PROBLEM REQUIREMENTS
Once the line containing "Veronica urticifolia" is found in the entries below, reproduce it and every line after it, stopping at and including the line containing "Penstemon POLARIS RED 'Florpenred'"; reproduce nothing else, and keep each line exact.
[[ DATASET RECORDS open ]]
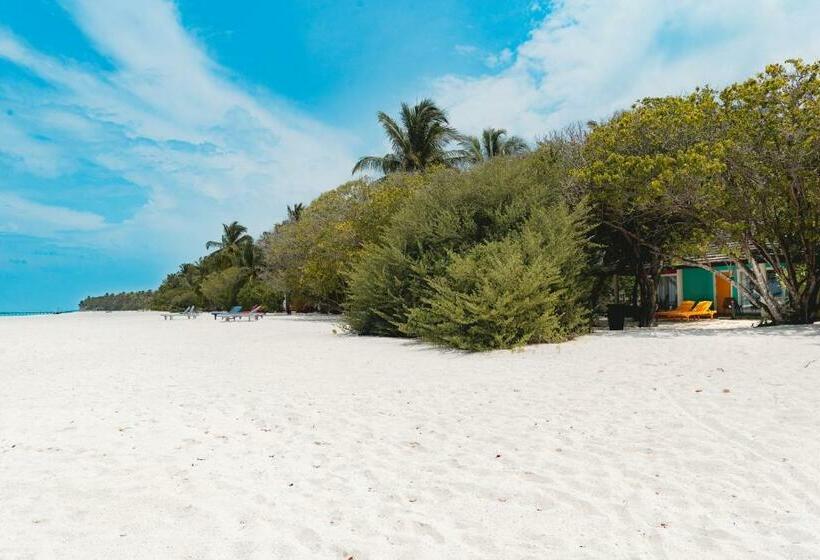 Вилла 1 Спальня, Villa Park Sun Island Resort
[[ DATASET RECORDS closed ]]
[[ DATASET RECORDS open ]]
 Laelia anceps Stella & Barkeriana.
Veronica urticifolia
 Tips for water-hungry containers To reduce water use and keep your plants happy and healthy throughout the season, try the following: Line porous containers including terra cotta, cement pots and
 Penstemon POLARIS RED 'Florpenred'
[[ DATASET RECORDS closed ]]
EXERCISE SOLUTION
Veronica urticifolia
 Tips for water-hungry containers To reduce water use and keep your plants happy and healthy throughout the season, try the following: Line porous containers including terra cotta, cement pots and
 Penstemon POLARIS RED 'Florpenred'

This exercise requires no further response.